Палисадник возле дома густо зарос сиренью, придавая избе с выбитыми окнами вид давно не стриженного хулигана. Плотные лапы кустарников, переплетенные друг с другом, почти полностью закрывали тропинку, которая когда-то вела к крыльцу дома.
Однако если же сойти с этой тропки и не побоявшись протиснуться сквозь густой кустарник и стеной стоявшие одеревеневшие стебли крапивы, то можно было увидеть уютную полянку. Это было небольшое пространство хорошо вытоптанной травы, в центре которого стоял перевернутый деревянный ящик с кучей какой-то бумаги на нем.
Я осторожно отодвинул большую ветку сирени и вновь, уже не помню в какой раз, посмотрел на проселочную дорогу, которая вела в сторону железнодорожной станции.
– Черт побери, – раздосадованно прошипел я, опять никого там не обнаружив. – Этот алконавт Колян уже давно должен был вернуться.

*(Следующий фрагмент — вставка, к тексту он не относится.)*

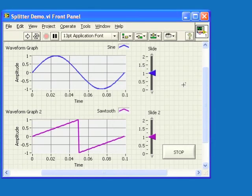I'm Christina Rogers in LabVIEW R&D at National Instruments, and this is a quick demo of using splitter bars for better resizing of the front panel.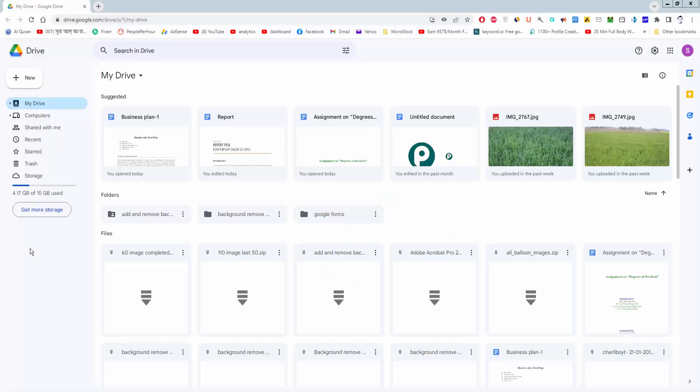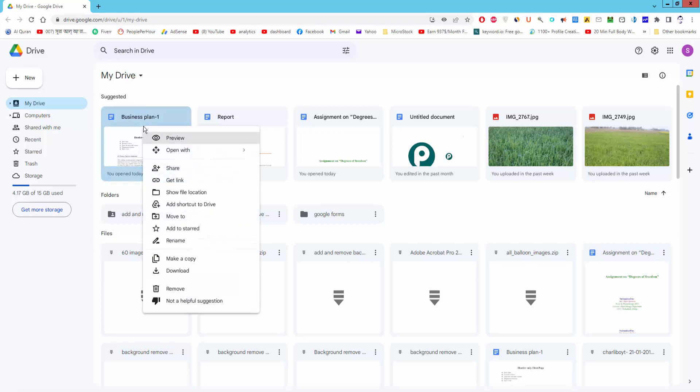Assalamualaikum. In this video, I'll show you how to save an image from Google Docs to your computer. Let's get started. Open a Google Docs document.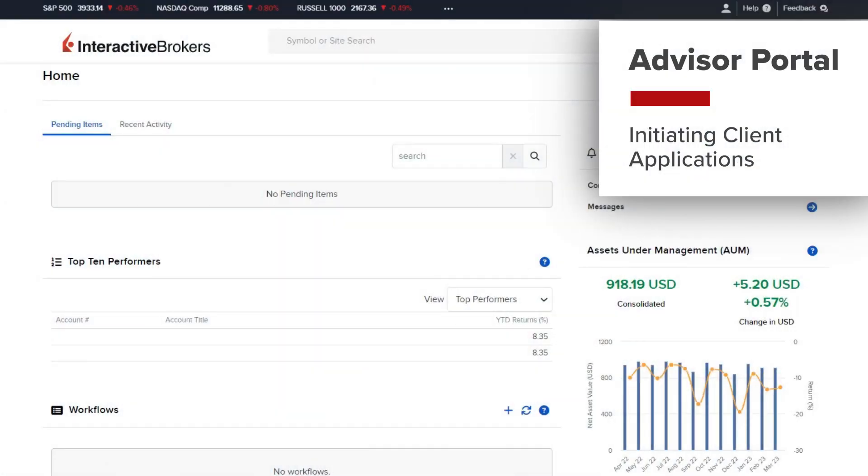This lesson will review how to seamlessly initiate and send client applications as a financial advisor on the Interactive Brokers platform.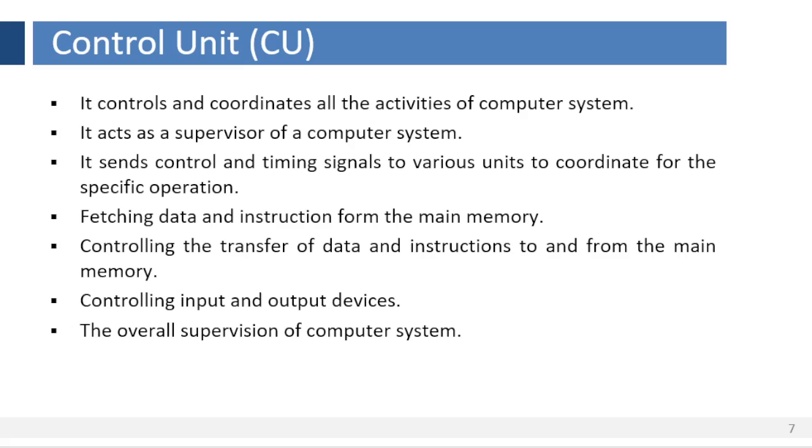Functions of control unit: Fetching data and instructions from the main memory. Interpreting received instructions. Controlling the transfer of data and instructions to and from the main memory. Controlling input and output devices. Hence the CPU is considered as overall supervisor of the computer system.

Неужто этого горе-тракториста повязали в городе с моими письмами? – признаться, от такой мысли у меня все похолодело внутри. – Этот ведь дурень сразу меня сдаст… Б…ь, никому нельзя даже простейшего дела доверить.
Да, я все-таки решился громко заявиться о себе и назвать вслух ту самую Дату! Именно поэтому я уже второй день сижу в этом облюбованном мною логове с самого утра и до вечера, обложившись тетрадными листками и серыми почтовыми конвертиками.